Cotton’s dreams of ocean adventure, travel come true in Coast Guard as 87-foot patrol boat captain

Michelle Cotton courtesy photos
Lieutenant Junior Grade (LTJG) Rebecca Cotton of Glenrock assumed command of the U.S. Coast Guard Station Crescent City, California and became the U.S. Coast Guard Cutter Dorado’s newest captain on June 13. The Dorado and her crew are responsible for protecting a 280-nautical-mile stretch of coast from Cape Sebastian, Oregon to Point Arena, California.

Cinthia Stimson

By Cinthia Stimson

Lieutenant Junior Grade (LTJG) Rebecca Cotton didn’t have any idea what she wanted to be while she was growing up in Glenrock – what she did know, was that she wanted to travel the world and have adventures like the ones she read about in books. She loved the ocean and wanted to see the world.

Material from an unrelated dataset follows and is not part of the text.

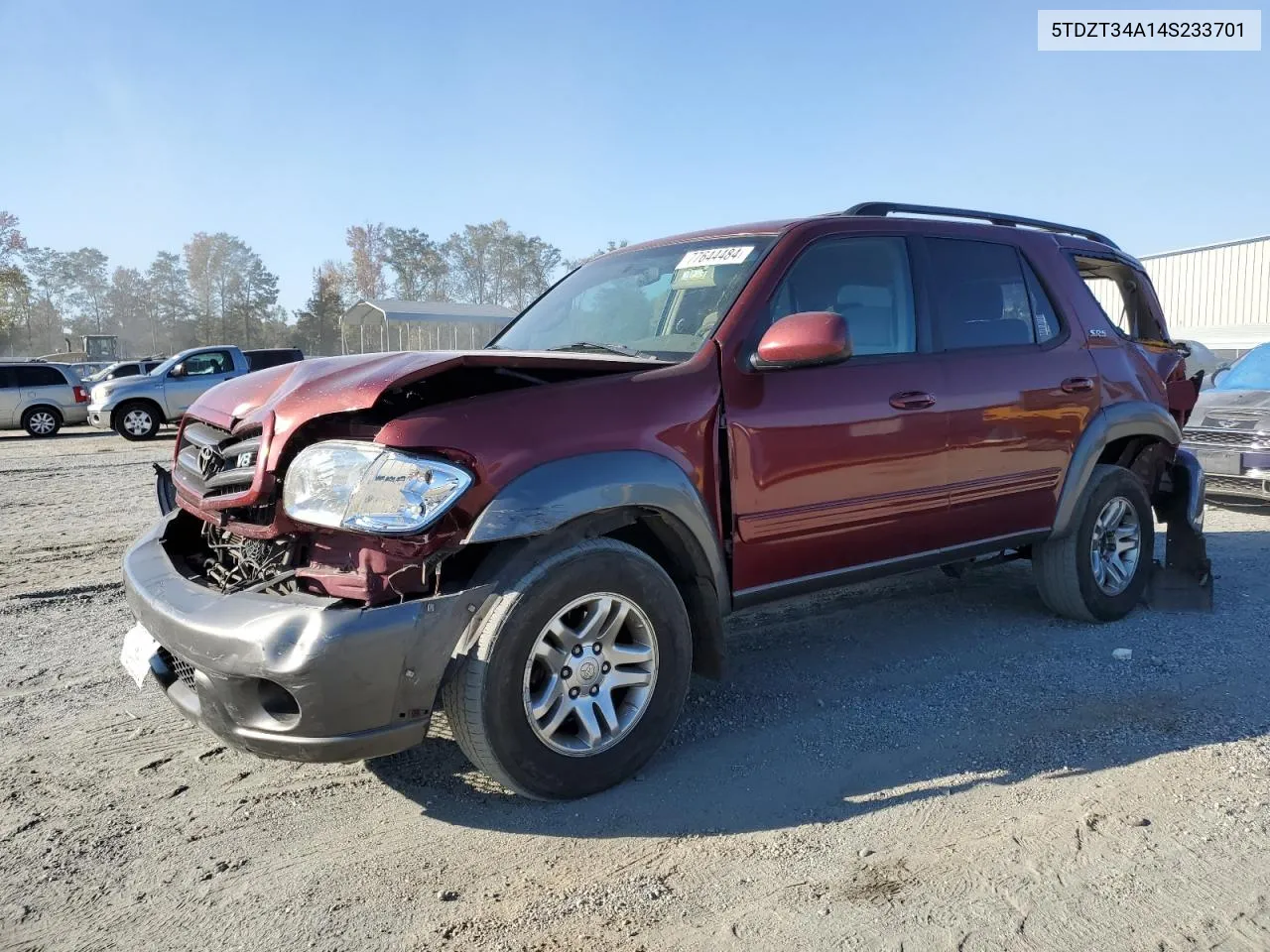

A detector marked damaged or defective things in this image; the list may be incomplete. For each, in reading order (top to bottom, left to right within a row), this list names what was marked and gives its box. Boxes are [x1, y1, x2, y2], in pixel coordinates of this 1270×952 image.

crumpled hood [188, 350, 665, 467]
crumpled hood [1189, 388, 1270, 431]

Now, she’s captaining and in charge of the U.S. Coast Guard Cutter Dorado, a marine protector class coastal patrol boat based in Crescent City, California.

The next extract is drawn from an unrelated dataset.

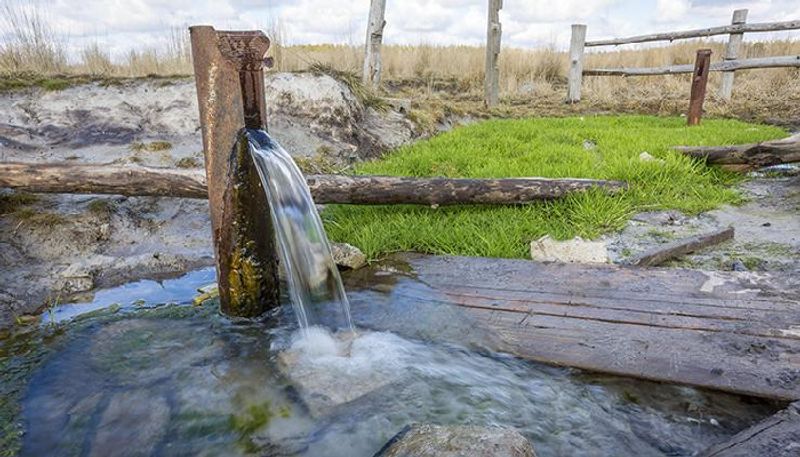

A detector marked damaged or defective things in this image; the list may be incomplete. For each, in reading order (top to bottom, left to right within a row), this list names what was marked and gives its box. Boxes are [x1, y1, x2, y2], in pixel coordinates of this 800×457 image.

rusty metal post [189, 25, 280, 318]
rusty metal post [688, 49, 712, 126]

Alongside her crew, she’s busting drug smugglers, helping refugees and saving lives on oceans around the world.
“I actually didn’t know what I wanted to do at all until senior year of high school,” said Cotton, who graduated from Glenrock High School in 2011.

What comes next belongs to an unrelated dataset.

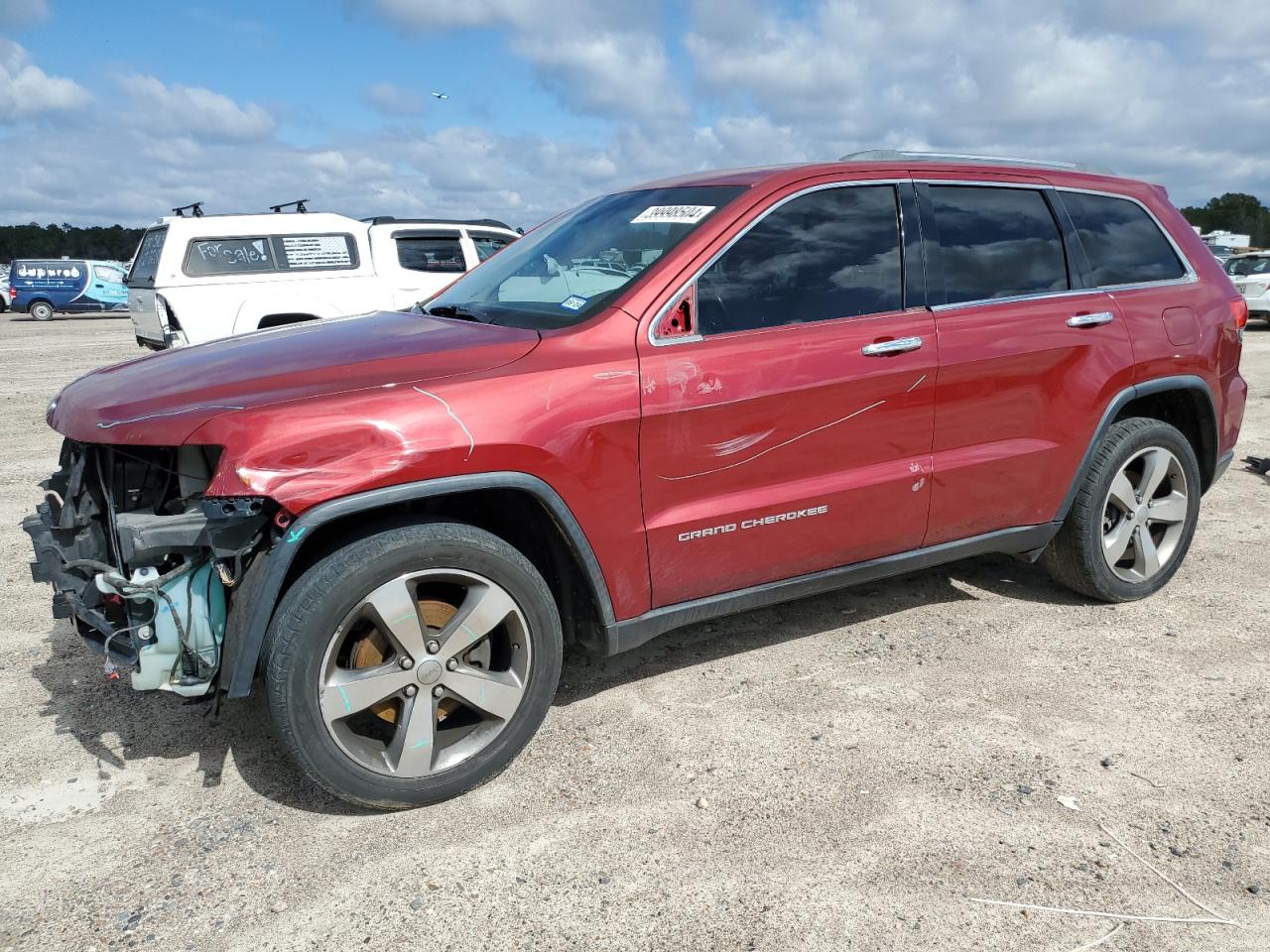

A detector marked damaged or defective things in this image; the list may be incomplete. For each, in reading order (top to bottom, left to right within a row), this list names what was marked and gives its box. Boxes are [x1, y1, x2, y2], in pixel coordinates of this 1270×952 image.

crumpled hood [47, 313, 536, 446]
damaged headlight area [23, 440, 270, 698]
front-end collision damage [23, 440, 276, 698]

Cotton didn’t know if there were any career options out there that involved that type of a lifestyle.
Nothing seemed to be what she was looking for as she searched for a life path that was on par with her dreams – not until she came across the U.S. Coast Guard during an internet search.
“At first I didn’t even know what (the Coast Guard) was. Once I looked into it, I set my heart on it immediately. The Coast Guard Academy was the only college I applied to. I’m so glad it worked out,” she said.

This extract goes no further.